The three-year project, funded with a £430,000 Technology Strategy Board grant, aims to develop a system that can be sold SMEs at a competitive price.
In the interim, elements of gaming technology will be used by Airbus to assist with off-site field work and to train staff working on composite assemblies.
Simon Astwood, research leader of Airbus Group Innovations’ Digital Factory, explained that the overall objective is to develop a system that represents simulated design for manufacturing that can be applied to conceptual design and eventually to products that are more focussed on manufacturing and production.
He told The Engineer: ‘We’re taking the [Microsoft] Kinect controller - just the camera system because its USB operated - and connecting it to a standard Windows laptop and running our own C-Sharp programme on top of that that let’s us use the…skilled worker as an input device.’
The first demonstrator developed by the project focussed on very low cost composite repair work flow.
’If you’re building anything with composites in an Airbus factory you’re likely to have hundreds of thousands of pounds worth of laser projection equipment around you, and a very purpose built infrastructure to support you.
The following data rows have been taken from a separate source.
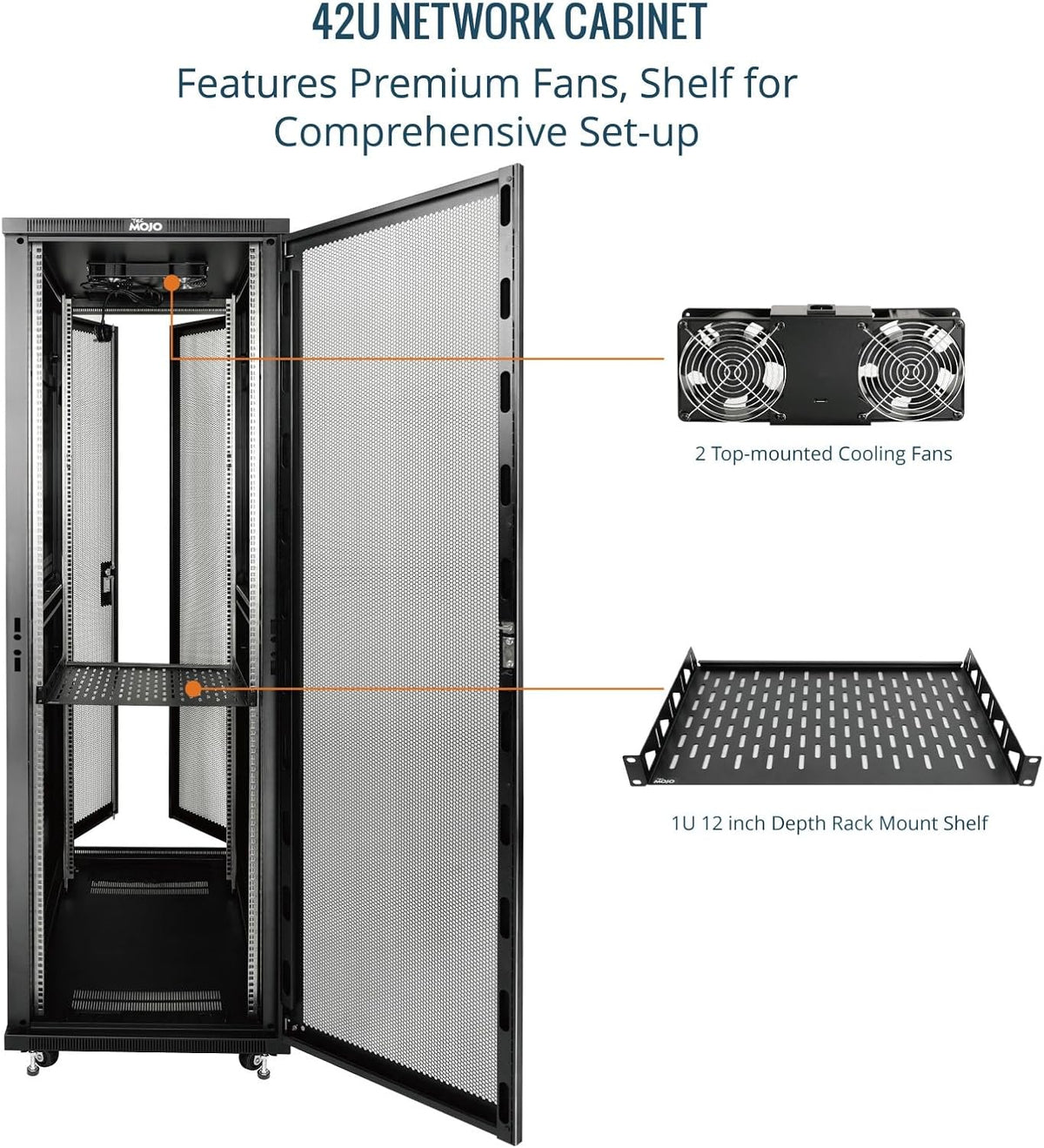 Tecmojo 27U 600 * 600mm 4 Post Free Standing Network Cabinet Data Server Rack, Lockable Glass Door, with Cantilevel Shelf Casters and feets, Disassembled Flat package
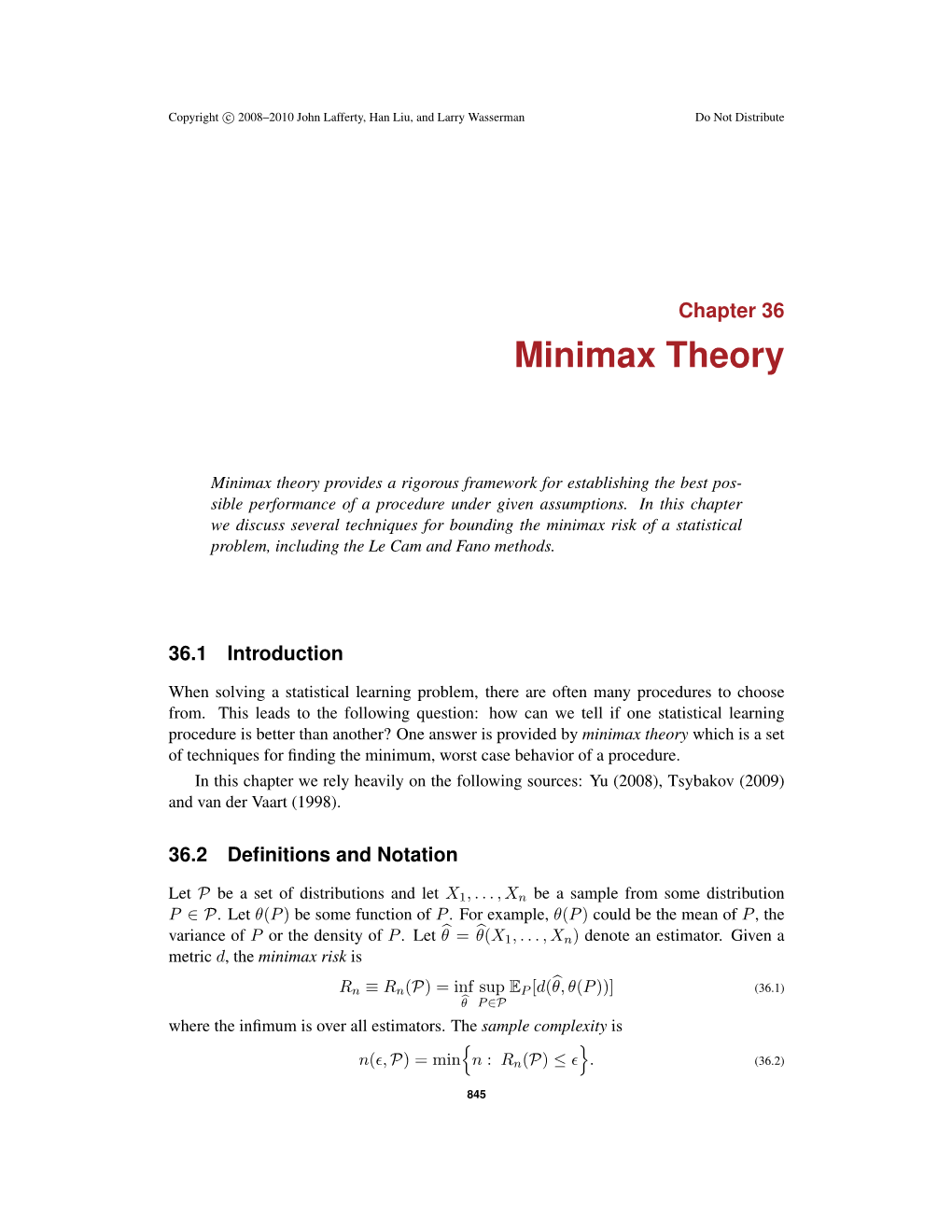 Minimax Theory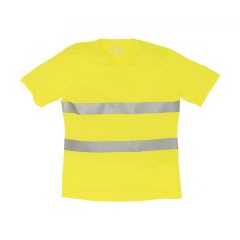 Uniszex rövid ujjú póló munkaruha Yoko Fluo Super Light V-Neck T-Shirt S, Fluo Sárga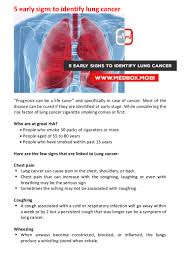 Many people with lung cancer don't notice any signs of the disease; 5 Early Signs To Identify Lung Cancer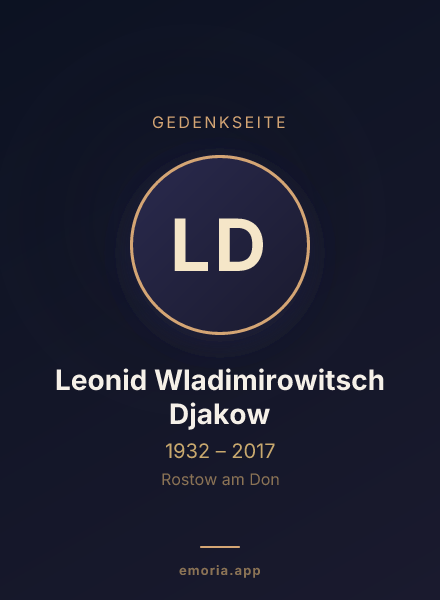 Gedenkportrait von Leonid Wladimirowitsch Djakow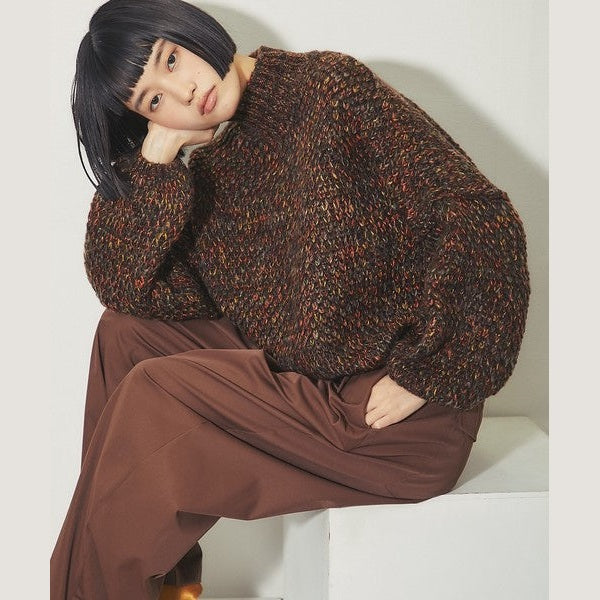 【溫暖混色美學】 another s 混色粗針織半高領寬鬆毛衣 均碼 F Size Japan E-Shop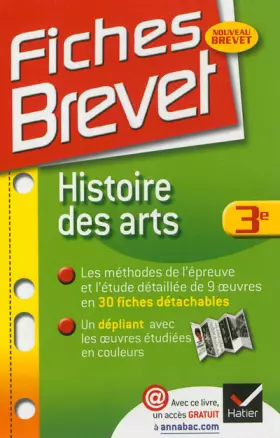 Couverture du produit · Fiches Brevet Histoire des arts 3e: Fiches de cours - Troisième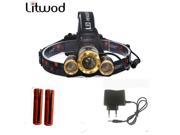 Z50 Led Headlight Zoom headlamp 9000LM Rechargeable Headlamp Flashlight Head Torch 3x XM L T6 headlaight 2batteries AC charger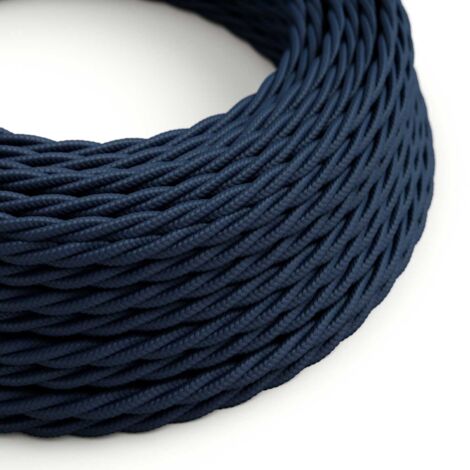Câble d'éclairage tressé bleu foncé - The Original Creative Cables, for Design Sight Installations - TM20 - 1 mètre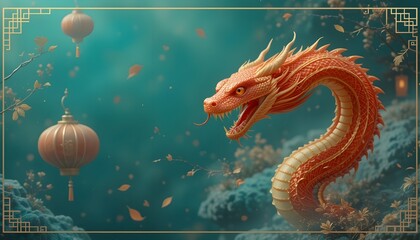 Happy Chinese New Year 2025 background featuring a traditional Chinese snake design with ample copy space, celebrating the Year of the Snake and Lunar New Year festivities.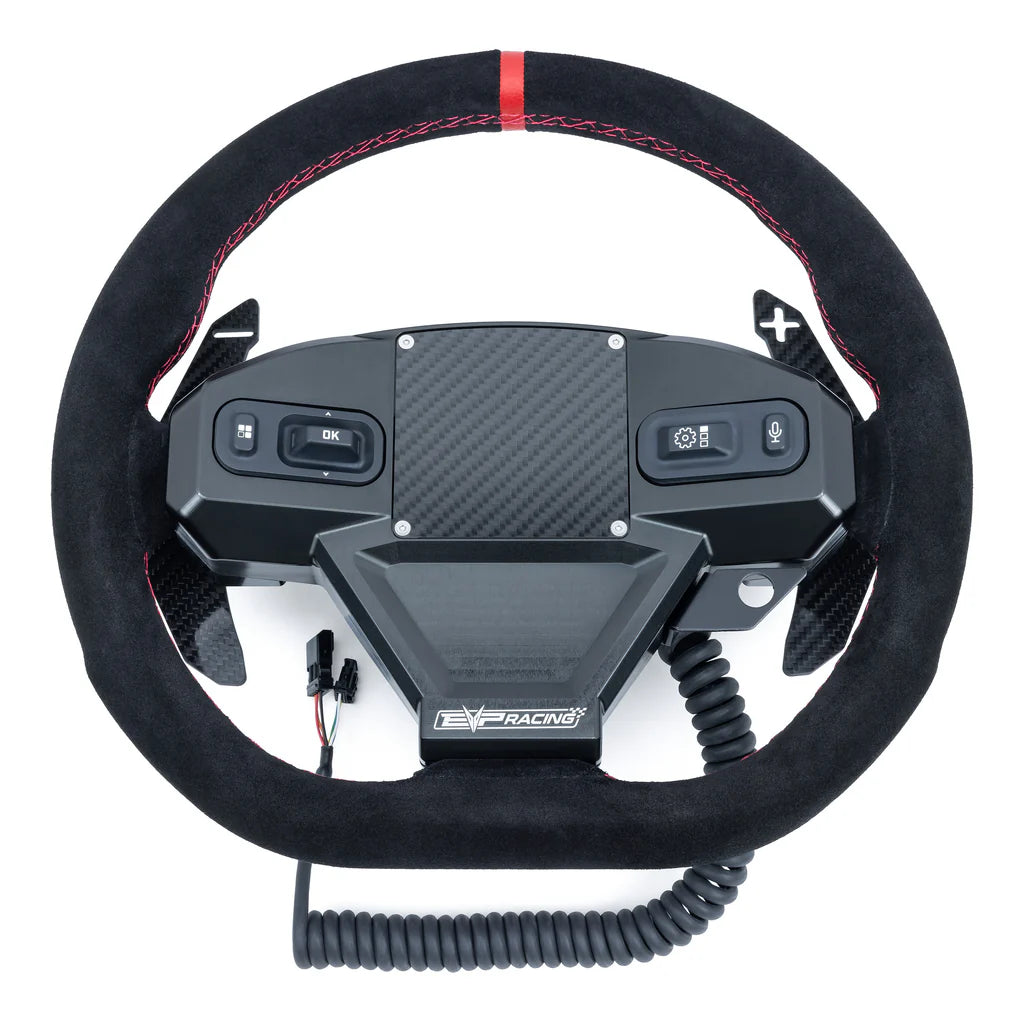 Steering Wheel with Carbon Fiber Paddles and Quick-Release Hub Adapter Kits for Can-Am Maverick R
But if you’re doing repairs in the field [then you’re] not going to have access to calibrated laser projectors.
’We’re trying to see if we can…create an augmented reality for a worker. The idea would be that they go up to an in situ repair with a normal powerpoint projector, something you’d use in the office, mounted on a tripod with a Kinect and we would project…additional information into their work space…and use the gestures of the workers to control that system.
‘What you end with is a system that costs around £300, is completely portable and run off a portable power supply and allows a worker to navigate through a process flow displaying extra information and taking photos of their work as they progress.’
The project has since moved forward with a bespoke solution for workers at Airbus’ Harbin facility in China which has borrowed from gaming software to create complex training scenarios designed to improve the competence of staff working with high-value products.
‘What we’re doing is [creating] a computer game where the worker will invent their own process flow,’ said Astwood. ’It could be something simple like installing stiffening brackets onto a spar for the tailplane section or the rudder.
’What we do in the game is give them all the raw materials and tools that they’ll need and we ask them to go through the build of a spar, or assemble a component without following an instruction. They’re given a score and the idea is that it turns the training into more of an exploration: they compete in this gaming environment to improve their scores and once they’ve achieved a certain score they’re then ready to go out into production and be tested on real parts and real components.
‘Our theory behind it is if a worker is incentivised to explore and try different techniques in a digital environment [then it] has no negative impact on the production flow, no negative impact by consuming raw materials that are very expensive. But it does allow them to experience a bit of ’learning by doing.’
The project is being conducted with Cranfield University and Aertec, a multinational consultancy and engineering firm specialising in aeronautics that opened a new office in Bristol at the start of 2013 as part of its wider expansion into the UK market.
Astwood explained that in the context of the project, Airbus devises a viable manufacturing scenario that Cranfield University then develops into a proof of concept. Aertec then takes the final product to market.
‘What we want to…do is take everything that we’re learning on an Airbus use case and push that back out into the UK economy,’ said Astwood. ‘Local suppliers will be able to benefit from a low-cost system that costs a few hundred pounds rather than buying tens of thousands of pounds worth of laser projection where its just not realistic…most small laminating shops that have got a specific, difficult assembly to build aren’t going to have the same resources as [a larger company] to very high-fidelity, realistic modelling.’